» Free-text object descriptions
=======
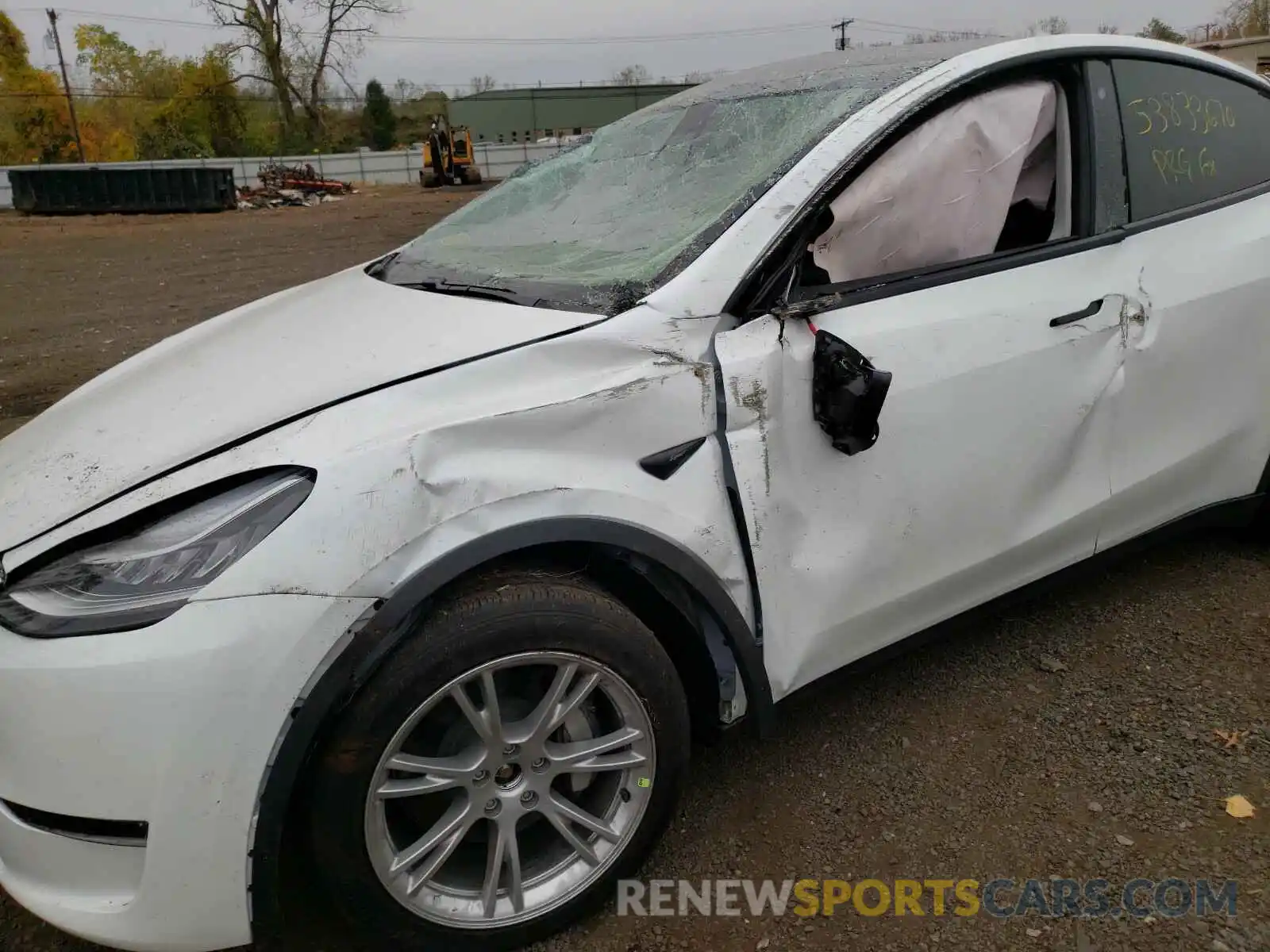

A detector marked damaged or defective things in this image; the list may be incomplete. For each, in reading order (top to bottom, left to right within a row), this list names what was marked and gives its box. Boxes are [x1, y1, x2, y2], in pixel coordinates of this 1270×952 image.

shattered windshield [379, 44, 1003, 313]
cracked hood [0, 267, 600, 549]
detached side mirror [813, 328, 895, 457]
damaged driver door [714, 249, 1130, 701]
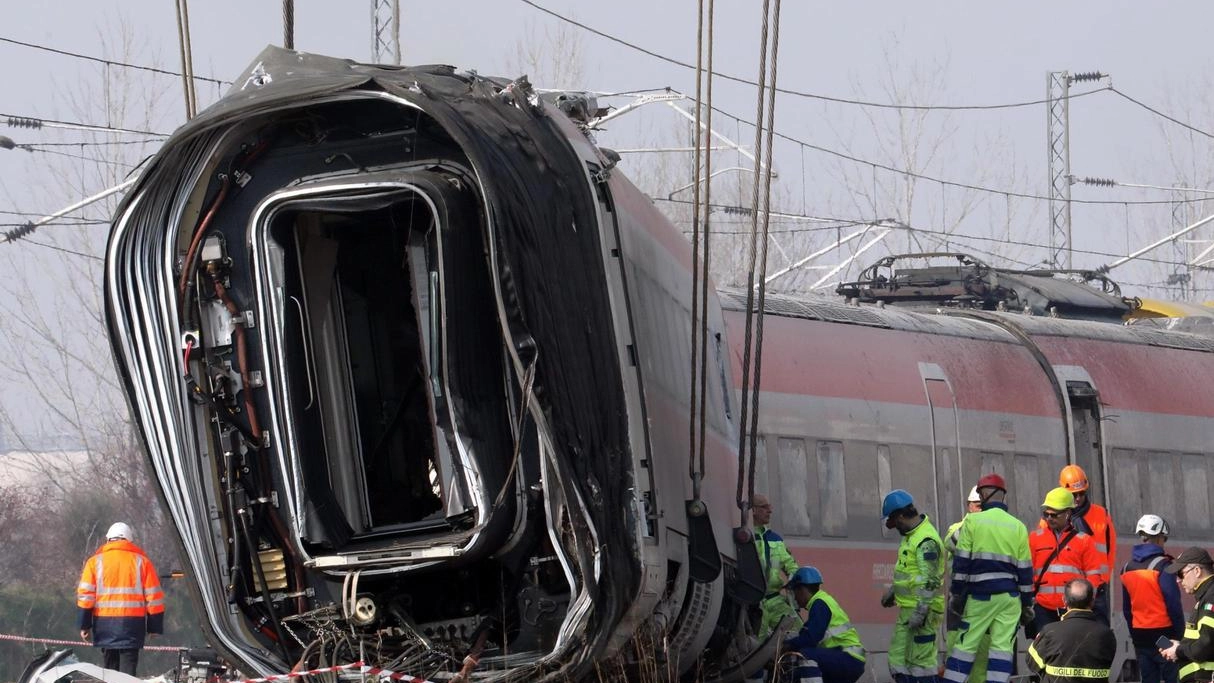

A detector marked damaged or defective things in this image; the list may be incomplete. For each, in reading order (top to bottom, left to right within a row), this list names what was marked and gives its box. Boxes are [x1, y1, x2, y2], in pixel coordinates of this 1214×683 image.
=======
Your answer must be the entries written out word for word, without their pictures.

A detector marked damaged or defective things in this image; the list may be incomplete. For each, in reading order (top to bottom, left to right within a row), this list names what was marked and gives its box. Boxes are [x1, y1, x2, y2], in pixel coordinates of this 1270×952 image.

shattered windshield [379, 44, 1003, 313]
cracked hood [0, 267, 600, 549]
detached side mirror [813, 328, 895, 457]
damaged driver door [714, 249, 1130, 701]

A detector marked damaged or defective things in this image; the list may be incomplete. For each, in reading order (top to bottom, left to right within a row), this list names what was marked and gives its box. Boxes are [x1, y1, x2, y2], in pixel coordinates of this 1214×683 image.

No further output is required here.